Killing of alleged collaborator exposes Palestinian tensions
CTV
There was no mourning tent for 23-year-old Palestinian Zuhair al-Ghaleeth. There were no banners with his portrait, no chants celebrating his martyrdom. Instead, a bulldozer dropped his bullet-riddled body into an unmarked grave, witnesses said.
There was no mourning tent for 23-year-old Palestinian Zuhair al-Ghaleeth. There were no banners with his portrait, no chants celebrating his martyrdom.
Instead, a bulldozer dropped his bullet-riddled body into an unmarked grave, witnesses said.
The day after six masked Palestinian gunmen shot and killed al-Ghaleeth over his suspected collaboration with Israel, his family and friends refused to pick up his body at the morgue, the public prosecution said. He was buried in a field cluttered with discarded animal bones and soda cans outside the northern West Bank city of Nablus.

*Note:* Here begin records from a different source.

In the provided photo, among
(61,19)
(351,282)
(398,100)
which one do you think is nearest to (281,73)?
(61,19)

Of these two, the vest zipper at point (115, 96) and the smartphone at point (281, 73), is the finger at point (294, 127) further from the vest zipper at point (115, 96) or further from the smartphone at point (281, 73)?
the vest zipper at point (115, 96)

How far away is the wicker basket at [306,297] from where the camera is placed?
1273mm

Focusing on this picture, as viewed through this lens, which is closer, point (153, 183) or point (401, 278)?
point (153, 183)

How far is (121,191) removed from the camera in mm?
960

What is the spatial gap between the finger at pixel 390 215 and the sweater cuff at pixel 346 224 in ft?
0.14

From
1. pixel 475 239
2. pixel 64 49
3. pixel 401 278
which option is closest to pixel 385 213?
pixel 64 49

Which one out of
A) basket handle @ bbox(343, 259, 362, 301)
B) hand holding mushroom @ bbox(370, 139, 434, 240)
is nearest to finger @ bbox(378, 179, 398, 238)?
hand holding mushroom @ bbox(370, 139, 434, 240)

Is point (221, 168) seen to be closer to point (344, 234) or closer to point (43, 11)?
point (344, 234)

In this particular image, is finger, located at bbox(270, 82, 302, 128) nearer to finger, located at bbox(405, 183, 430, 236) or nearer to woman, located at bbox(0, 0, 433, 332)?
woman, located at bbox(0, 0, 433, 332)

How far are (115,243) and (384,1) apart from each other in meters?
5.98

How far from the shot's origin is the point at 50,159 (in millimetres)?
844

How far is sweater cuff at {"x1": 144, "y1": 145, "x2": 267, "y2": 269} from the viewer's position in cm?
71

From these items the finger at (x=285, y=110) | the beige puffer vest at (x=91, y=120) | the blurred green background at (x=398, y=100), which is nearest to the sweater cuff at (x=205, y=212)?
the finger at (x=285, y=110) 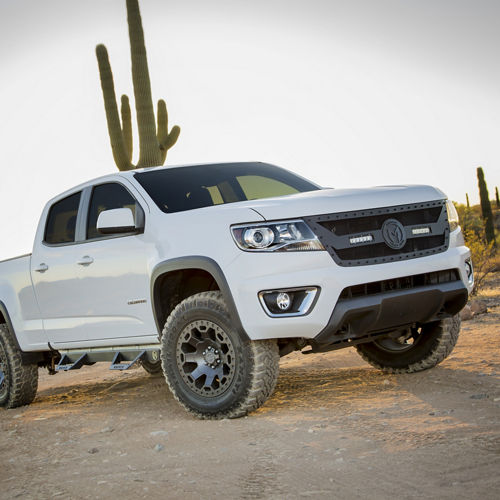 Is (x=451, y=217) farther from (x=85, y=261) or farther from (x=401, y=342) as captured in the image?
(x=85, y=261)

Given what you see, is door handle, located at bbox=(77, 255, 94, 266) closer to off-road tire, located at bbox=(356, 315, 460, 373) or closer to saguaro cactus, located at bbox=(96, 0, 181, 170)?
off-road tire, located at bbox=(356, 315, 460, 373)

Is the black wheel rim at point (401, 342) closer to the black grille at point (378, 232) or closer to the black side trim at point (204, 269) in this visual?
the black grille at point (378, 232)

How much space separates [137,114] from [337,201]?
10472 mm

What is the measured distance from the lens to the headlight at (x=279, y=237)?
4969 mm

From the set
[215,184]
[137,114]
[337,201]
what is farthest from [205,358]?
[137,114]

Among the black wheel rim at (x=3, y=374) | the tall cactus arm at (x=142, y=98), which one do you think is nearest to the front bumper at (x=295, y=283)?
the black wheel rim at (x=3, y=374)

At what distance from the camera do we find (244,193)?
664 cm

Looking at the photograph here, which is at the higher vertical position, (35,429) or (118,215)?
(118,215)

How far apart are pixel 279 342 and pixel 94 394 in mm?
3356

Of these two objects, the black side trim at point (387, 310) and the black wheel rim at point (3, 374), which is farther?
the black wheel rim at point (3, 374)

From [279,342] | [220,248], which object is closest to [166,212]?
[220,248]

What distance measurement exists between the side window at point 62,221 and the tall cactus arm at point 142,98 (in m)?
7.49

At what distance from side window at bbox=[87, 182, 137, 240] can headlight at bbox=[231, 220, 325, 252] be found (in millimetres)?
1535

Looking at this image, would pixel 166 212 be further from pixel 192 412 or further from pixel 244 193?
pixel 192 412
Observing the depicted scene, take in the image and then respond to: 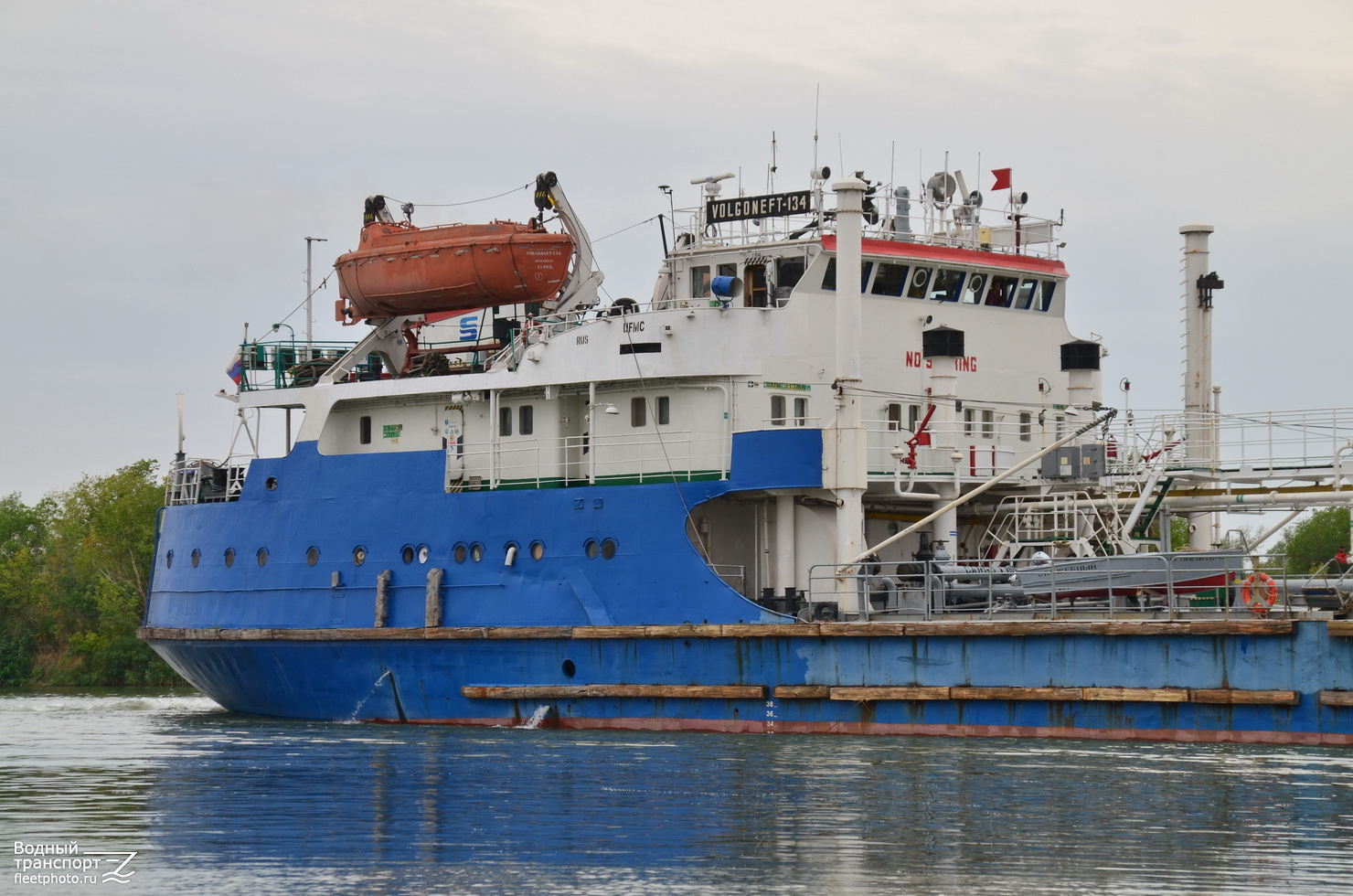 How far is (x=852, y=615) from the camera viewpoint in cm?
2003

It was a grim end to a short life. The April 8 killing in the Old City of Nablus -- the first slaying of a suspected Israeli intelligence collaborator in the West Bank in nearly two decades -- riveted the Palestinian public and cast a spotlight on the plight of collaborators, preyed on by both sides in the Israeli-Palestinian conflict. The case has laid bare the weakness of the Palestinian Authority and the strains that a recent surge in violence with Israel is beginning to exert within Palestinian communities.
"It feels like we're in war times," said 56-year-old Mohammed, who heard shouting that night, followed by gunshots. He ventured out of the Ottoman-era bathhouse where he works to find his neighbour, al-Ghaleeth, motionless on the ground, his eyes rolled up and mouth agape. A crowd of Palestinians swelled around his bloodied body. "Collaborator!" they yelled. "Spy!"
The scene had an eerie familiarity, Mohammed said, as if the horrors of the First and Second Intifadas, or Palestinian uprisings, were being replayed: Paranoia turning Palestinians against each other. Rumours ruining lives. Vigilante violence spiralling out of control. Like all witnesses interviewed about the incident, Mohammed declined to give his last name for fear of reprisals.
The angry gathering around al-Ghaleeth's body quickly turned into a protest of the Palestinian Authority, which administers most Palestinian cities and towns in the West Bank. The cries against al-Ghaleeth's perceived betrayal took on new meaning as the crowds directed their anger toward the deeply unpopular self-rule government, which ordinary Palestinians accuse of collaboration with Israel for coordinating with Israeli security forces.